Kenny Names Four Key Executives to New Presidential Posts
BOSTON–In his quest to transform Bronnercom into a global agency network, chief executive David Kenny last week named presidents to lead each of the shop’s regional offices, as well as direct marketing unit BSH.
“We’re moving from being a big Boston agency to what will become a global network,” said Kenny, who projects that Bronnercom–which will finish 1999 with $180 million in revenues on $1.3 billion in billings–will grow nearly 50 percent in each of the next two years. Kenny contends that empowering managers is essential to meeting aggressive goals.

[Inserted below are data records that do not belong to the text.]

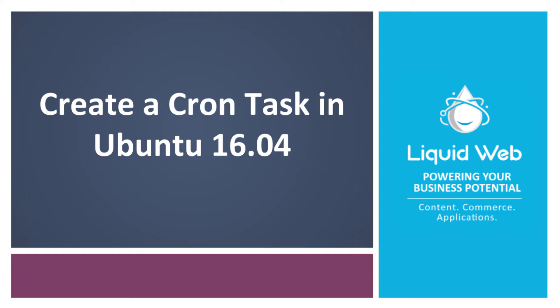Hello, this is Alex Gorzin from Liquid Web with our video on how to create a cron task in Ubuntu 16.04. Cron jobs are a great time-saving tool to help you execute repetitive tasks on a set schedule. They can be used for setting up backups, updating inventory, or running whatever other task or program you configure it for. In this video, I will walk through how to set up a cron and make a quick script to back up data.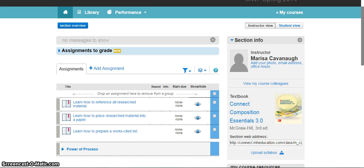Hello, my name is Marissa Cavanaugh and welcome to the McGraw-Hill Education video on how to grade a Power of Process assignment. Grading Power of Process is a really easy procedure.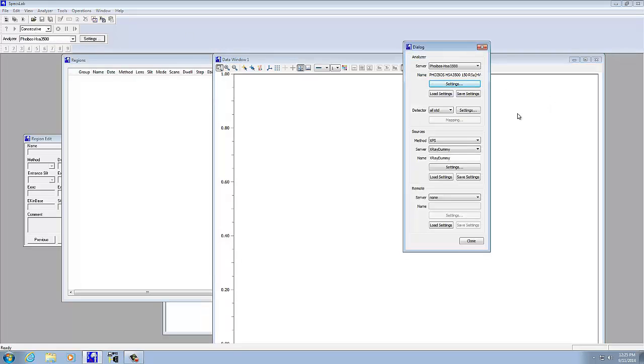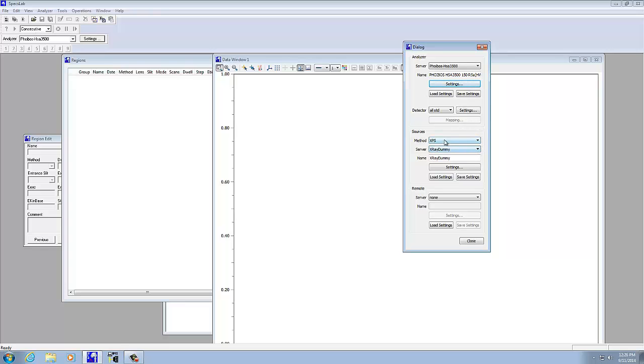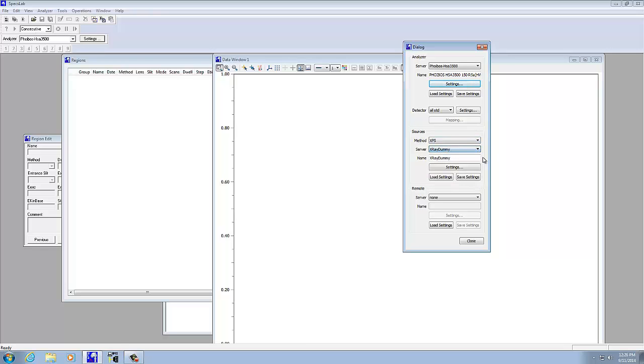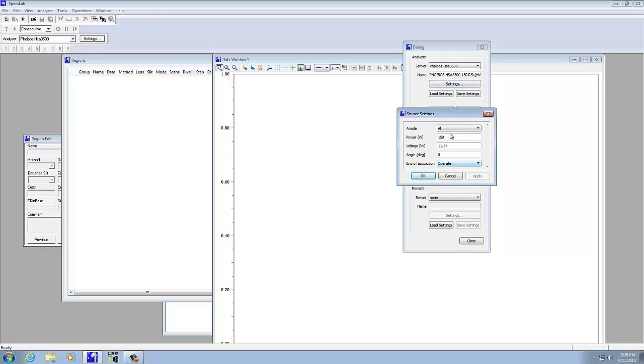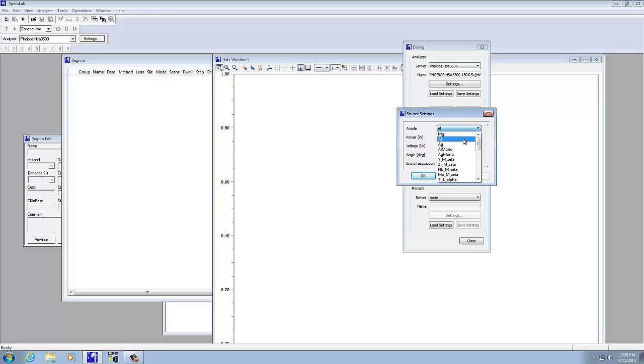Check the settings here. On the actual power supply, you'll determine which anode you're using. Make sure that the analyzer understands which anode is being used. That's found here in the sources under X-ray dummy. If we look at settings, in this case it's the aluminum, and that's what I have selected on the actual power supply. We can change that to magnesium if you're using the magnesium source instead.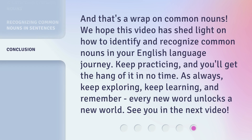And that's a wrap on common nouns. We hope this video has shed light on how to identify and recognize common nouns in your English language journey. Keep practicing, and you'll get the hang of it in no time. As always, keep exploring, keep learning, and remember — every new word unlocks a new world. See you in the next video.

Ten-year Bronnercom veteran Harvey Kipnis, who has run the New York office since its formation 18 months ago, has been named president of BSH. Kipnis and Michael Ward, already president of Bronnercom’s Strategic Interactive Group, will jointly helm regional operations at the Boston headquarters.
Laura Lang becomes president of Bronnercom in New York, where she will also continue to lead AT&T. Jay Hussey and Alistair Ross-Russell, who had run Bronnercom operations in San Francisco and London, respectively, have been named presidents of those offices. (Ross-Russell will serve as acting president in London until that position is filled.)
Bronnercom has grown 46 percent in 1999, adding all interactive duties from AT&T and picking up Delta Airlines’ direct marketing business. The agency now employs more than 1,200 people worldwide and is considering opening offices next year in Hong Kong for the Asian marketplace and Miami for Latin America, Kenny said.
Chairman Michael Bronner, vice chairman Kathy Biro and Kenny all retain their positions atop the Bronnercom hierarchy. Ward reports to Biro, who, along with the other newly named presidents, reports to Kenny.
Lang’s ascendency after less than six months at Bronnercom–she had been president of the consulting group at Marketing Corp. of America–may be viewed as especially significant, since she runs AT&T, believed to be the shop’s largest single account, and is charged with building the 250-person New York office into a presence on the Madison Avenue scene. “I’ll be playing a strong role in new business,” she said.
In a related move, the organization has integrated its customer management, database and teleservices capabilities under the SIG banner. These services had previously been part of the BSH division, which will now concentrate on direct marketing, advertising, sponsorships, promotions and events planning.
That consolidation, Kenny said, helps to “avoid overlaps,” such as having separate client databases maintained by two units within the agency.